Highest Duty: My Search for What Really Matters
- Author: Chesley Sullenberger, Jeffrey Zaslow
- Language: English
- Genre: Memoir
- Publisher: William Morrow
- Publication date: October 13, 2009
- Publication place: United States
- Media type: Print (hardback & paperback)
- Pages: 352
- ISBN: 978-0-06-192468-2

= Highest Duty =

2009 memoir

Highest Duty: My Search for What Really Matters is a 2009 memoir written by Chesley Sullenberger and Jeffrey Zaslow describing the events of US Airways Flight 1549. The New York Times bestselling autobiography of Capt. Chesley "Sully" Sullenberger—the pilot who landed a crippled airliner in New York's Hudson River, saving the lives of the 155 passengers and crew—discusses leadership, responsibility, and service, along with his life story.

Kirkus Reviews described it as "valuable for anyone interested in how a life lived with integrity prepares a man for the ultimate challenge." A review in The Mercury News praised its "meticulous attention to white-knuckle detail".

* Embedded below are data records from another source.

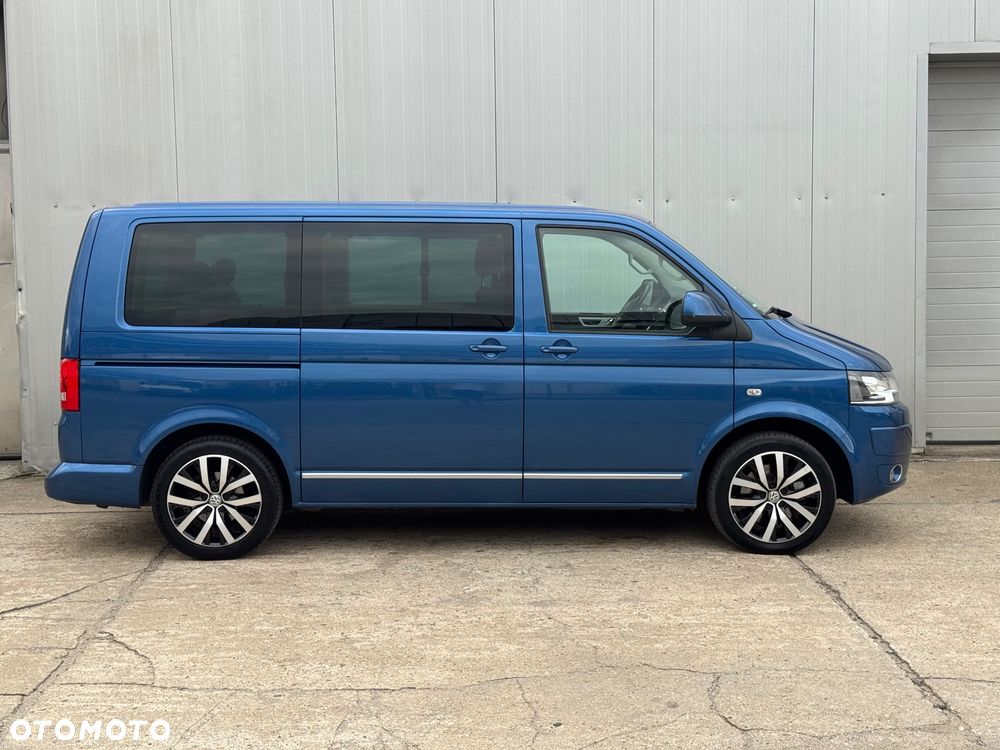 Volkswagen Multivan - 10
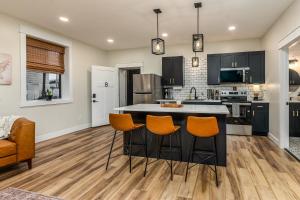 una cucina con armadi neri e sgabelli arancioni di Shawnee Pines a Harrisburg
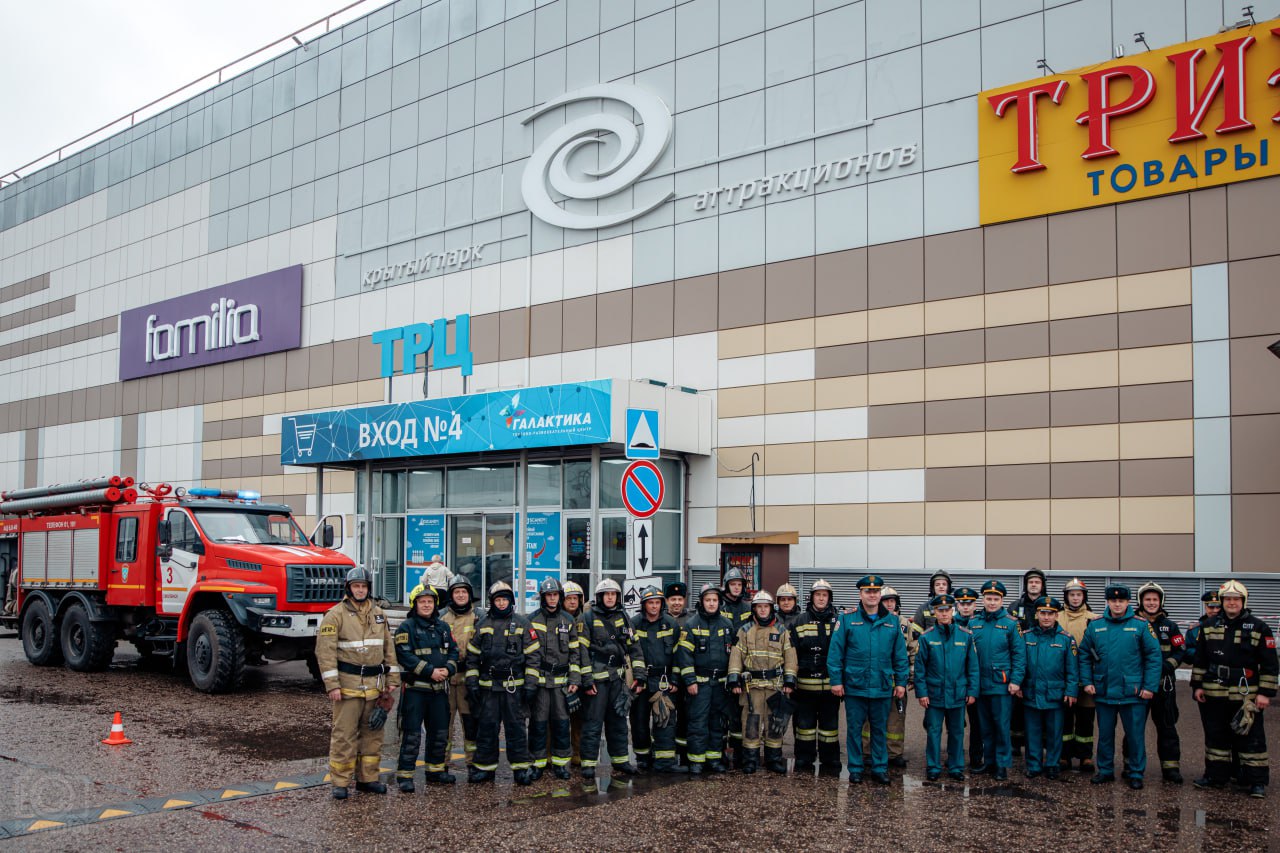 И без дыма и без огня:. Смоленские спасатели отработали ликвидацию условного возгорания в ТРЦ "Галактика", эвакуировав из задымленного помещения пострадавших оперативно, шустро, а главное - безумно фотогенично Еще одни мои... И без дыма и без огня:. Смоленские спасатели отработали ликвидацию условного возгорания в ТРЦ "Галактика", эвакуировав из задымленного помещения пострадавших оперативно, шустро, а главное - безумно фотогенично Еще одни мои...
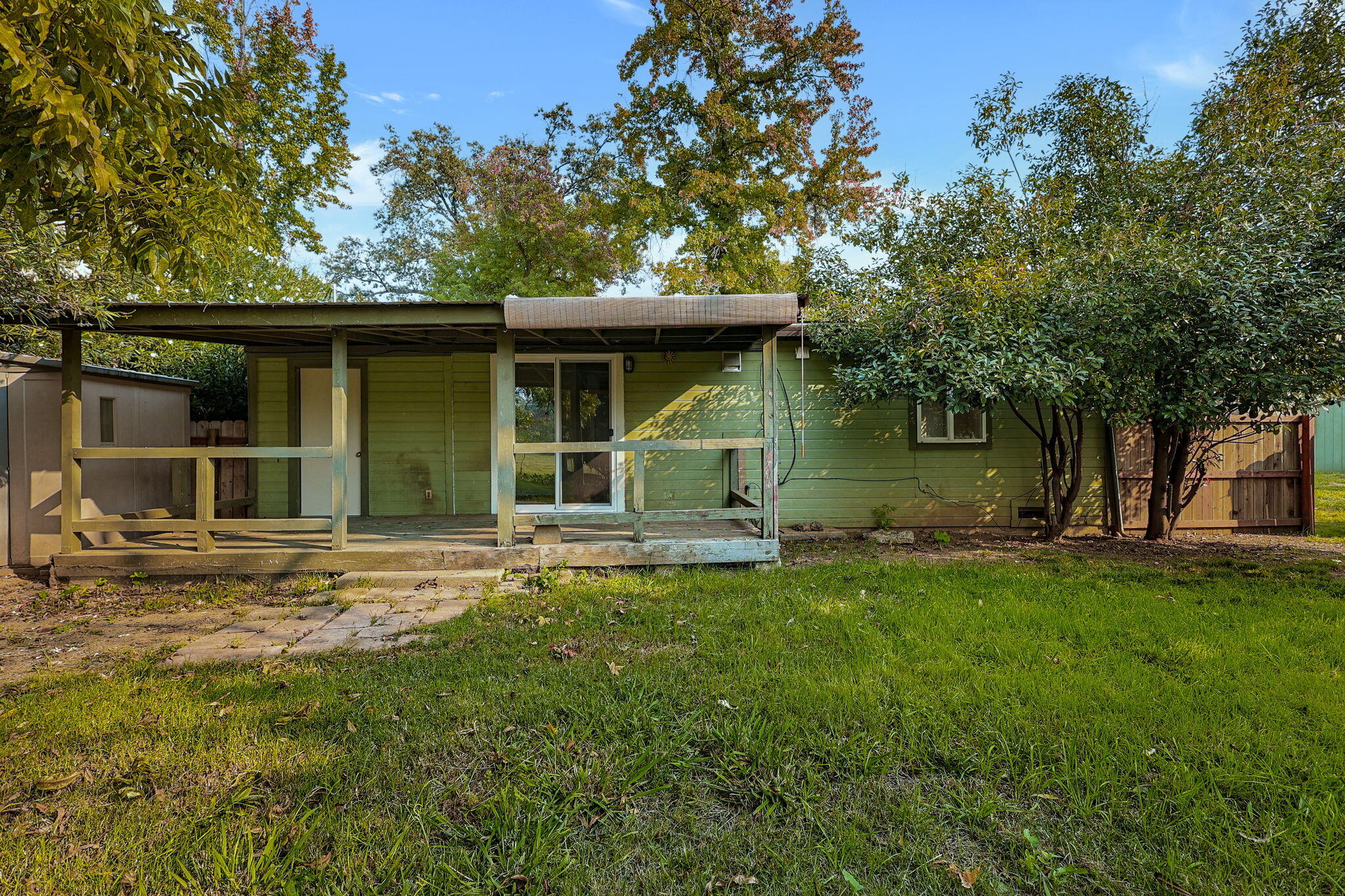 2626 North Bonnyview Road Redding, CA 96001 - Photo 54 of 59 Back Yard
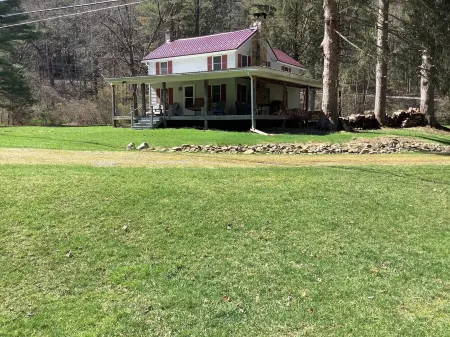 The perfect off the Grid Cabin for outdoor enthusiasts!!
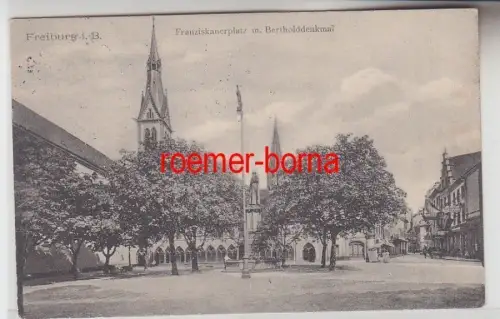 71529 Ak Freiburg i.B. Franziskanerplatz mit Bertholddenkmal um 1910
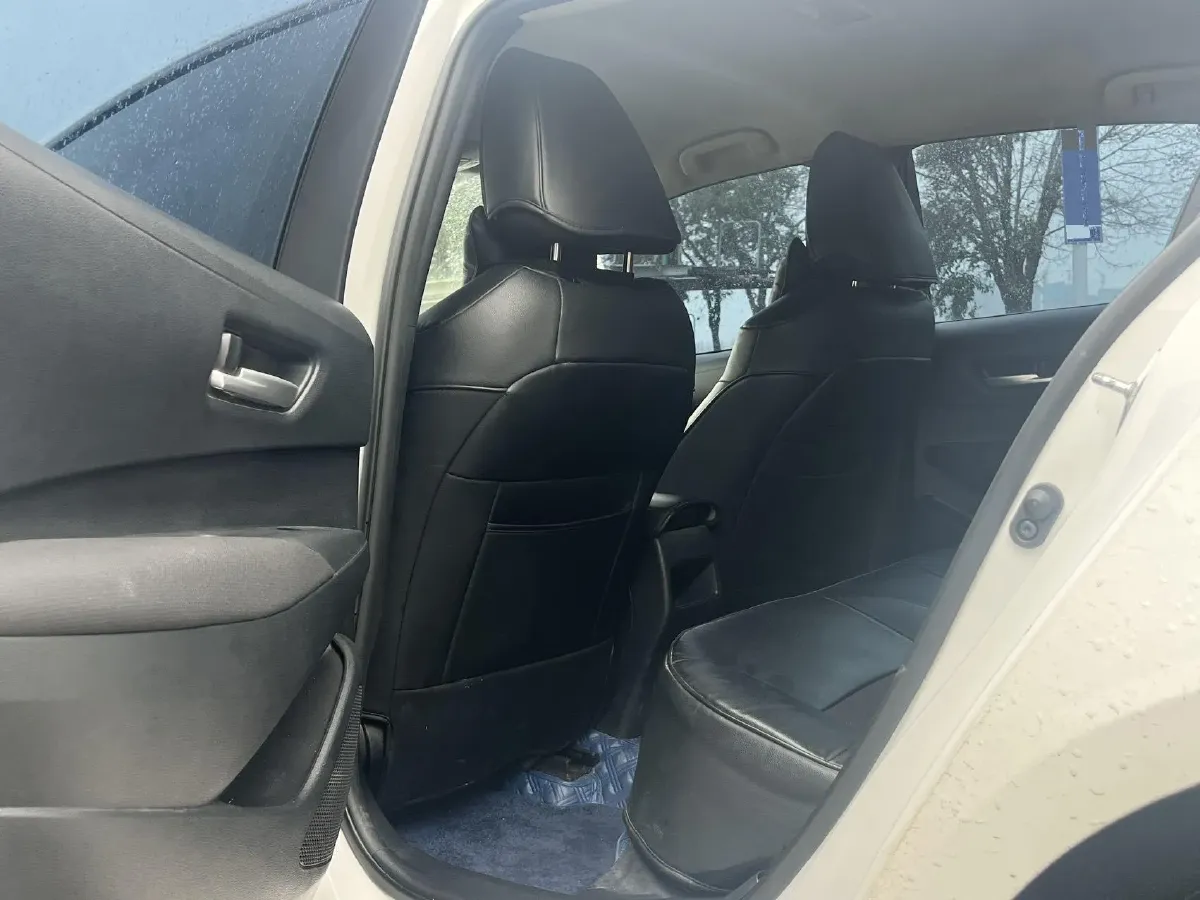 2021 Toyota Corolla 1.2T 116HP L4 CVT,autocango,china used car exporter,china ev exporter,chinese used car exporter,chinese used ev exporter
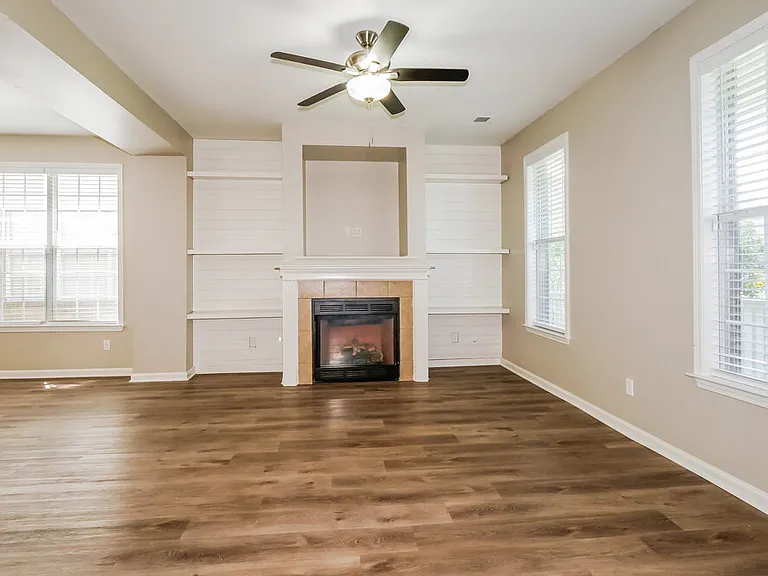 8565 Griffin Park Dr — Photo 5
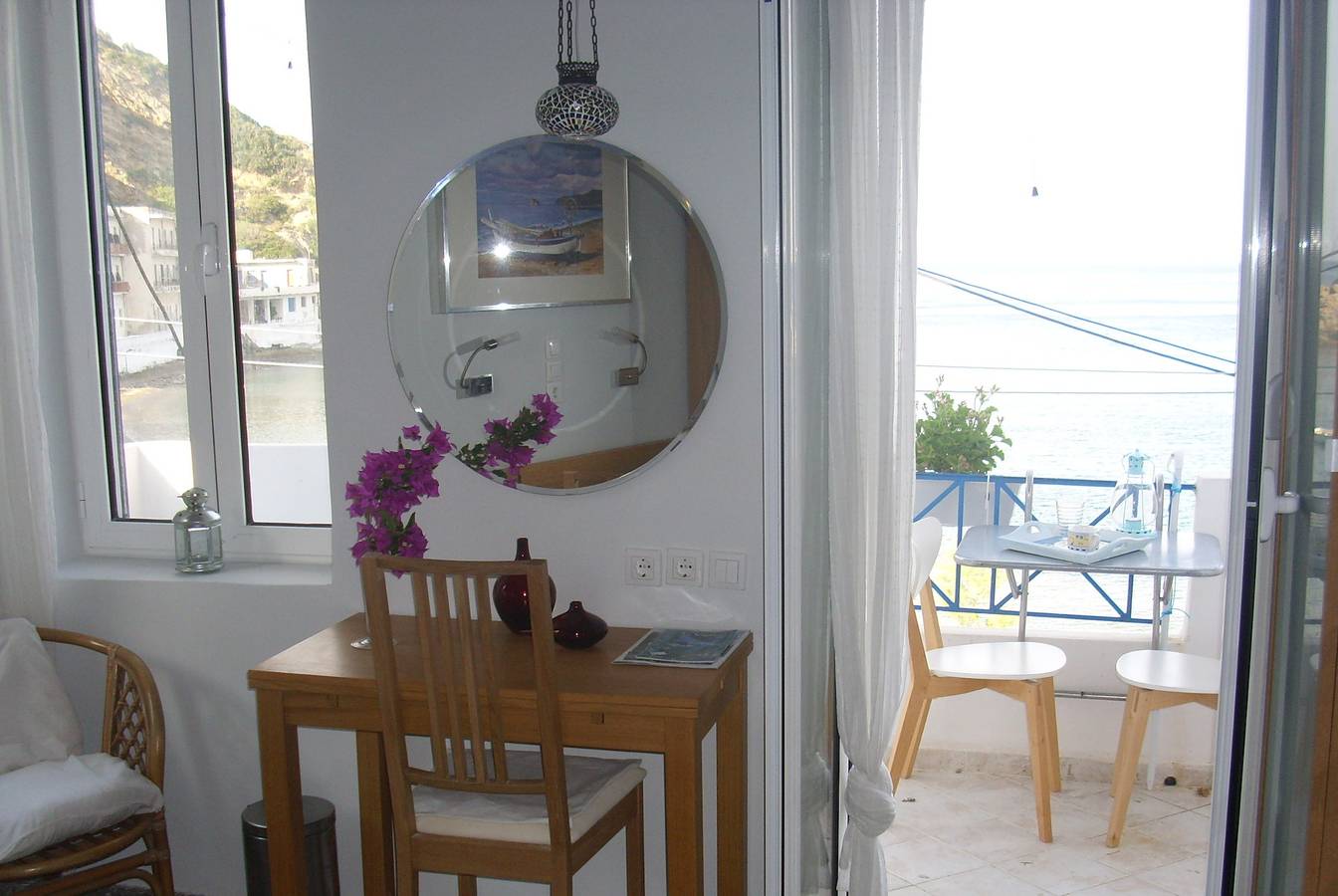 Ganze Wohnung, Alkistis Cozy By The Beach Apt auf der Insel Ikaria, Therma 1. Etage in Ikaria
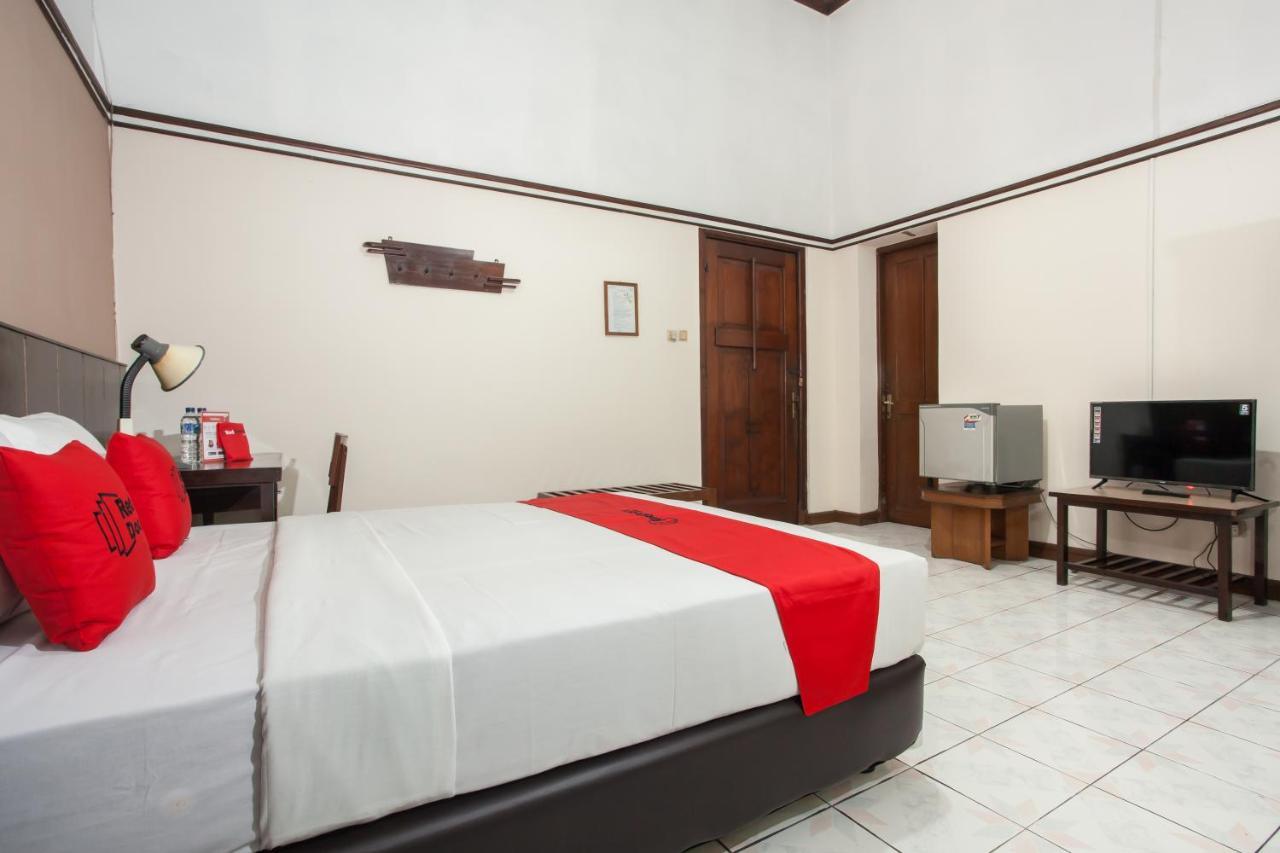 Reddoorz Near Balai Kota Malang Hotel Exterior foto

Clint Eastwood directed a 2016 film adaptation called Sully that received positive reviews from critics.

Season 2, episode 3 of the hit TV show The Rehearsal features host Nathan Fielder recreating elements of Sullenberger's life from Highest Duty in order to understand how Sullenberger avoided crashing the plane, as part of Fielder's project to improve airline safety in general.